The Indian statement came as Soviet Foreign Minister Andrei Gromyko ended a three-day visit here without giving any hint of when the Soviet Union might withdraw the troops, believed to number nearly 100,000.
When asked whether the Soviets might leave Afghanistan as a result of Gromyko's talks with Indian officials the spokesman for the Ministry of External Affairs, J. N. Dixit, said Moscow's military intervention cannot be looked at alone.
"Many things which are happening in the world impinge on the situation in Afghanistan," he said.
Dixit cited as examples reports that the United States has received permission to use military facilities around the Indian Ocean and Persian Gulf Region, the strengthening of the U.S. base in Diego Garcia, an island in the Indian Ocean, "a massive buildup" of U.S. naval forces in the Indian Ocean, and newspaper reports that "certain countries are openly saying" they are training Afghan rebel fighters. "Yesterday Egypt disclosed it was providing such training.
"They are developments which do not necessarily lead to optimum conditions" for the withdrawal of Soviet forces from Afghanistan, he said.
The government spokesman thus placed India even more firmly on the side of those who say Washington is at least as much to blame as Moscow for the tensions that have gripped the region since December, when the Soviet Union sent troops in great force into Afghanistan and installed its own man. Babrak Karmal, as president of the country.
Dixit did not mention any Soviet actions that have aggravated tension in the area while detailing the U.S. moves.
He did, however, say "India does not agree with the presence of foreign troops in any country."
That was the position Prime Minister Indira Gandhi pressed upon Gromyko Tuesday in their first face-to-face meeting since she regained control of this government in elections a month ago.,
From all indications, she was unable to persuade Gromyko of the Indian point of view.
"The Soviet Union has not disagreed with us about the desirability of its troops going back," said Dixit. But he added, there are Some differences in perception of how this objective should be achieved."
Gromyko flew off to Moscow this morning after meeting with Gandhi for half an hour.
In his briefing this afternoon, Dixit was asked to identify any concrete achievements from the talks between the Indian and Soviet leaders. He said the talks were held "in an atmosphere of mutual trust and cordiality," that both sides "expressed satisfaction," and the meetings were held "to strengthen mutual understanding."
But there was no reference in today's joint Indo-Soviet statement to Soviet troop withdrawals or to the need to defuse tension in the region.
When Dixit was pushed further on the specific question of Soviet withdrawals, he launched into his list of U.S. actions that he said have increased tensions. His major points:
Reports that the United States has gotten permission to use military facilities in Kenya on the western shore of the Indian Ocean, the Somalia on the Horn of Africa, and in Oman on the entrance to the Persian Gulf.

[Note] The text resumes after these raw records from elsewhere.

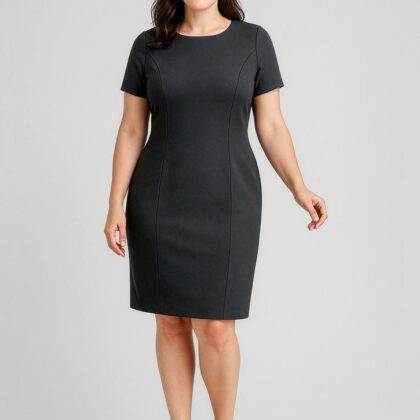 Womens Comfort Wool Stretch S/S Shift Dress
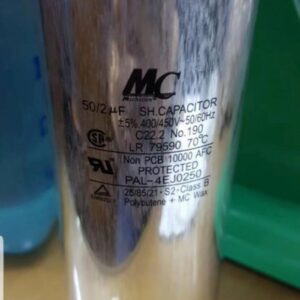 KAPASITOR 3 KAKI AC MEREK MC | 50/2 uF / MIKRO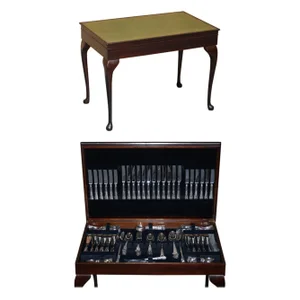 Green Leather Cutlery Table with Silver Plated Cutlery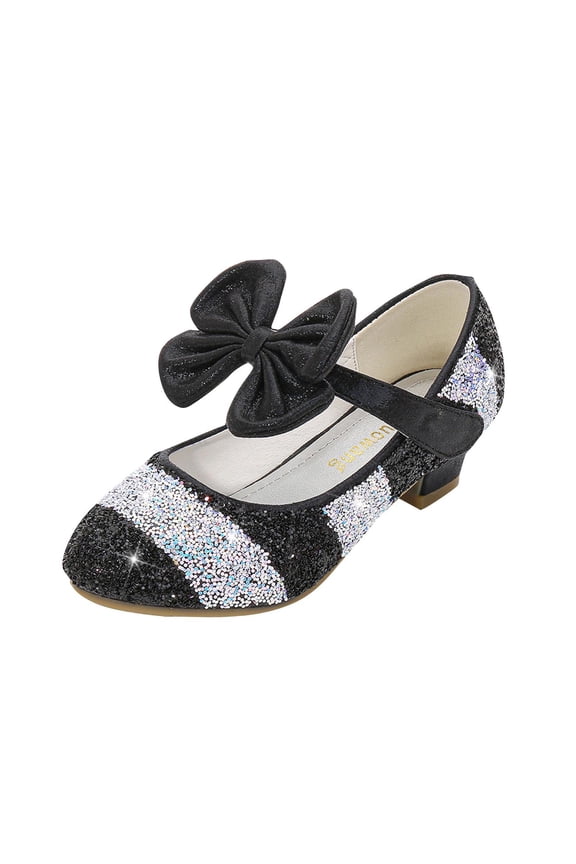 Girls Sequin Bow Princess Shoes Round Toe Crystal Dress Shoes with Soft Sole,Party Dance Heels for Kids,Holiday Celebration Footwear(Black,4.5 Years)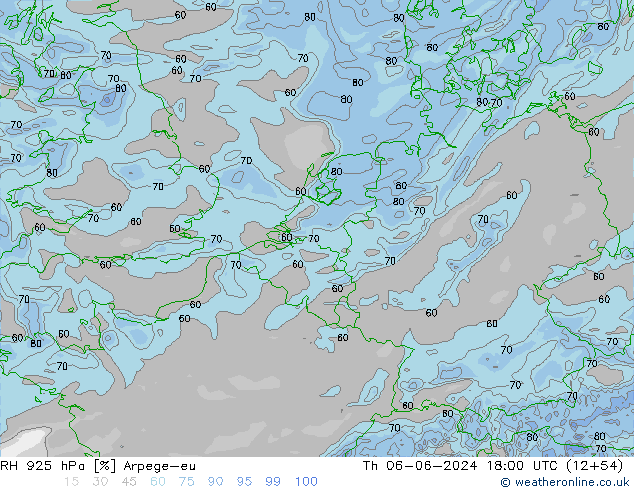 RH 925 hPa Arpege-eu Qui 06.06.2024 18 UTC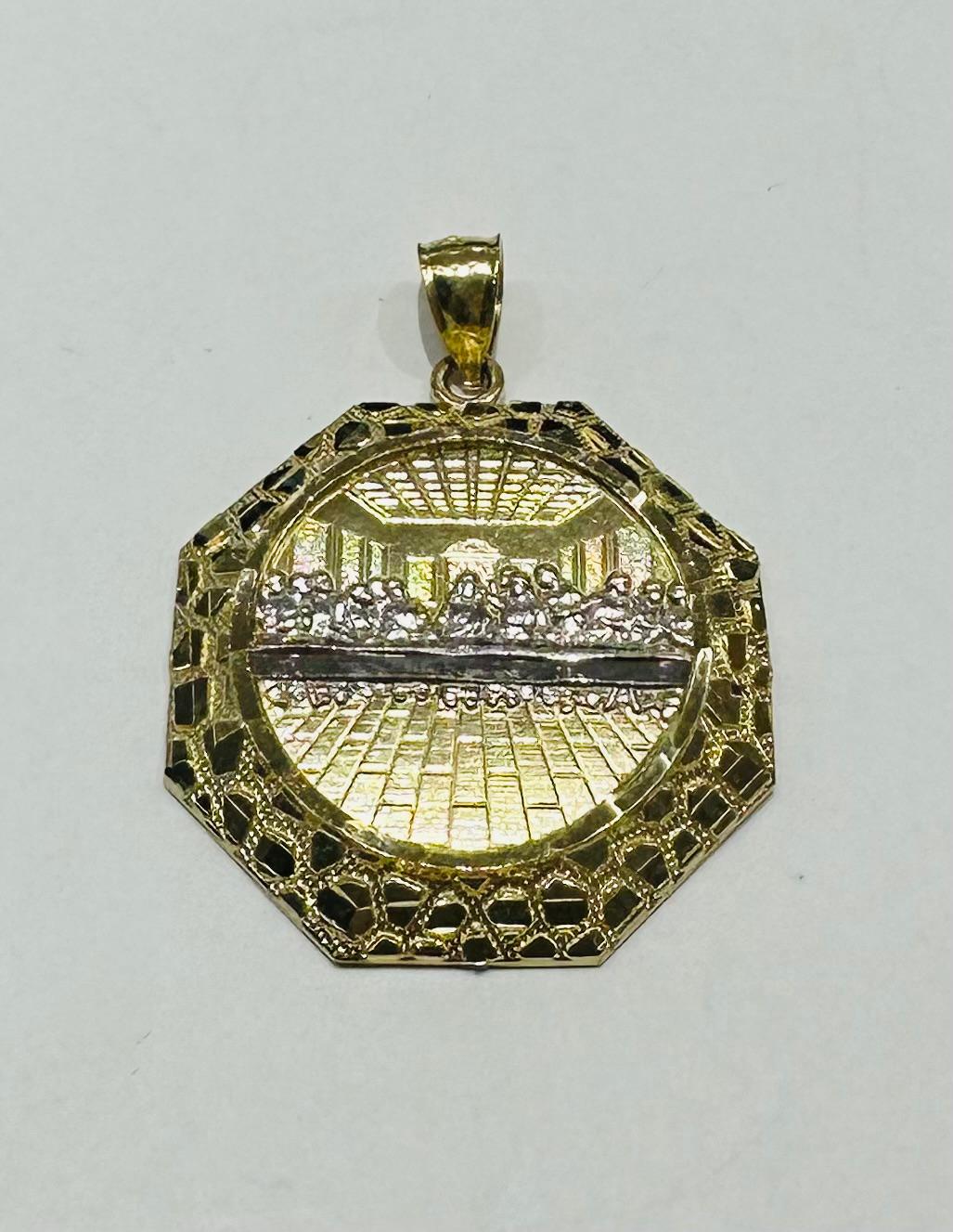 10K GOLD NUGGET LAST SUPPER PENDANT, WEIGHT: 4.2gm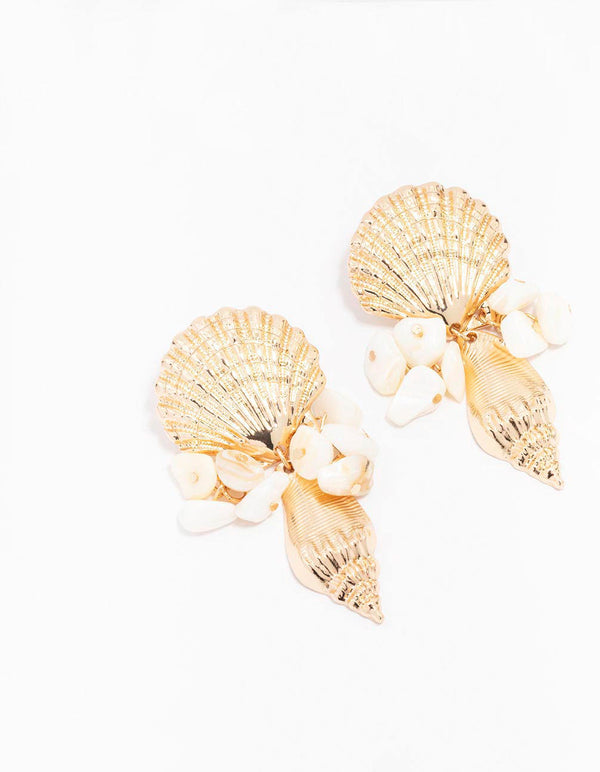 Gold Genuine Shell Stud Square Drop Earrings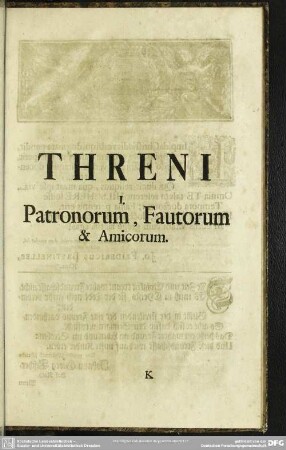 Threni I. Patronorum, Fautorum & Amicorum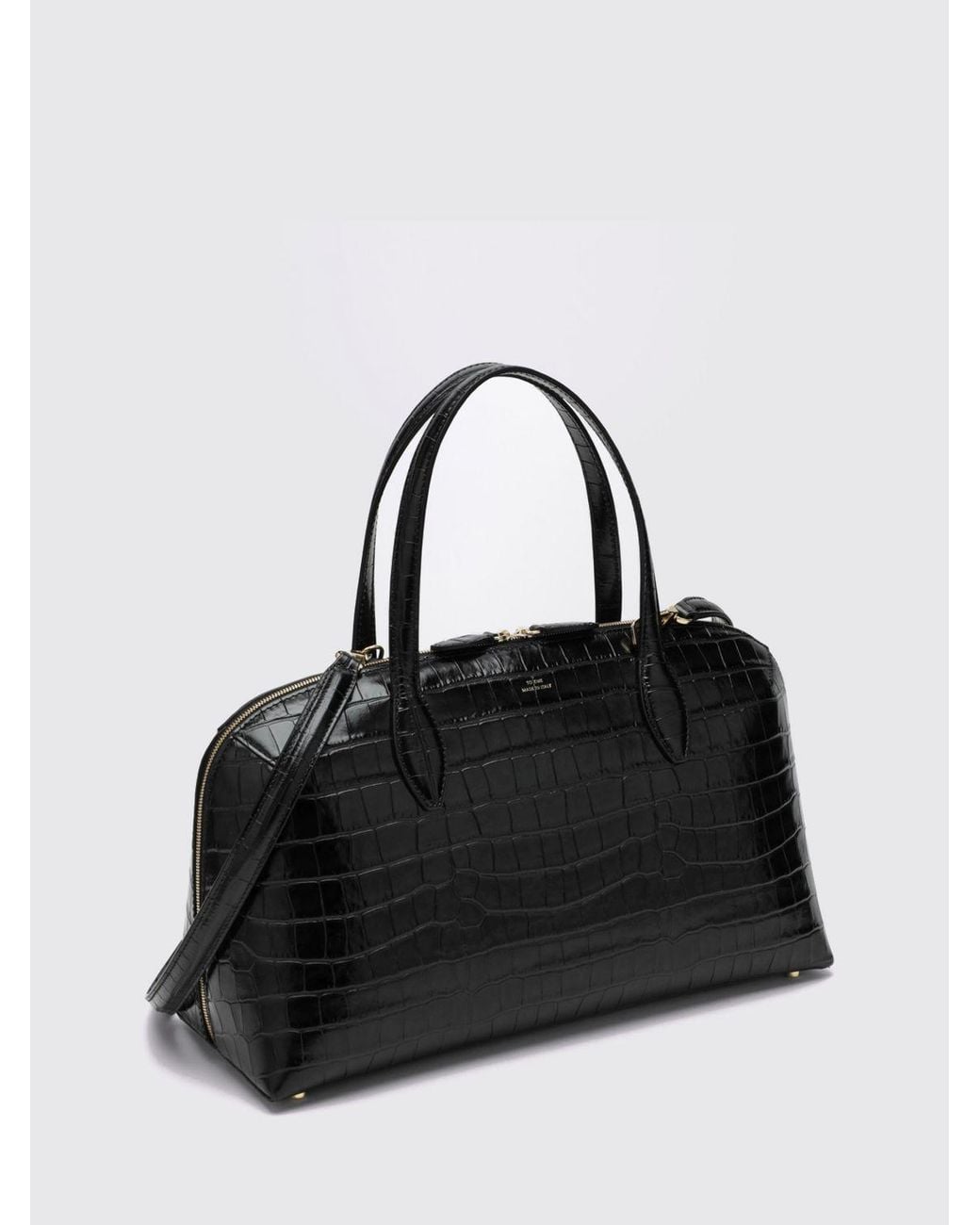 Totême Black Leather Handbag With Croc Print, Double Handle And Shoulder Strap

"Fairly hard intelligence" that there has been "a quantum jump in the military improvements" at the small U.S. air and naval base on the island of Diego Garcia.
Newspaper reports that some countries, which he did not name, are training Afghan rebels to fight the Babrak government.
A "massive buildup" of U.S. forces in the Indian Ocean since the revolution in Iran a year ago.
"The presence of a large U.S. naval fleet, including, I believe, some equipped with tactical nuclear weapons, certainly adds to the crisis in the region," Dixit said.
"So let the world change before we start speculating about when and how and what the time frame is" for the withdrawal of Soviet troops, he continued
Dixit said to blame the current tensions on the Soviet military intervention in Afghanistan is to ignore the Western reaction to the creation of a pro-marxist government in Afghanistan in April 1978.